The event happens three times throughout the year—on Memorial Day weekend, Labor Day weekend, and in mid-November in advance of the winter holidays—but the one just around the corner is my personal favorite, as it portends the island’s dry dock, when the Whatcom Chief leaves Lummi Island for its annual checkup and paint job, and islanders are left without a vehicle ferry for as many as three weeks.

At the same time visitors are driving or biking around the island and peeking into studios containing the work of painters, jewelers, quilters, potters, metalworkers, photographers, woodworkers, quilters and more, residents will be battening down their hatches and stocking up on supplies for the coming days, when they’ll have to rely on a passenger ferry to get them from the island to Gooseberry Point, and vice versa. After what is typically a busy summer, fewer cars and visitors means residents have a chance to catch their collective breath—and artists can start planning for the next studio tour.

Stellar views will also be part of the 22nd annual Lopez Island Studio Tour happening Sept. 1-2, which will feature dozens of artists in multiple locales who will be sharing a number of genres of art.

“As you visit our studios, you will discover that some are works of art in themselves, hidden in lush garden settings, by a pond, in the woods, or at the waters edge,” organizers say. “You may have to park your car and walk a ways. Consult the map and follow the studio signs. They will direct you around the island and take you on a treasure hunt of fine art and fine craftsmanship.
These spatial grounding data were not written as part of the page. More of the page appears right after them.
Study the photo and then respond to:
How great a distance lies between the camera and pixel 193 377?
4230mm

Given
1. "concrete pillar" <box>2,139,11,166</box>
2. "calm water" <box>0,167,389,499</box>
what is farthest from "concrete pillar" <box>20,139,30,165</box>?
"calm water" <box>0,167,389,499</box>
“You will encounter painters in oils, pastels, watercolors, acrylics and mixed media; print makers and digital imaging artists; ceramic artists, woodworkers, metal sculptors and textile weavers.”

For a sneak peek of what you can find with a little searching, make your way to a preview gallery at the island’s Community Center, where select works from the artists on the tour can be perused—giving you a better idea of what sorts of visual treasures await you.

Finally, just getting to the Whidbey Island Woodworkers Guild’s annual “Woodpalooza” event happening Sept. 1-3 at the Whidbey Center for the Arts is reason enough to embark on a day trip, as those traveling to Langley must pass over the awe-inspiring Deception Pass Bridge on State Route 20, which connects the north end of Whidbey to the mainland via Fidalgo Island.

Now in its 15th year, the Guild includes makers of furniture, cabinetry, architectural woodwork, turners, clock makers, sawyers, carvers, restorers, musical instrument makers, boat builders and refinishers.

The 20 featured artisans will be on hand during the three-day event to talk about their inspirations and creations, so if you’re curious about how their work is connected to the lovely place they live, don’t be afraid to speak up. The Guild seeks to support professional woodworkers as well as inspire and educate budding amateurs and provide awareness to the general public of the skills available locally from its talented members, so all questions are welcomed.

Since Woodpalooza continues until Labor Day proper, it’ll be possible to visit each of the aforementioned events during the long weekend, meaning you can hold on to summer just a little while longer.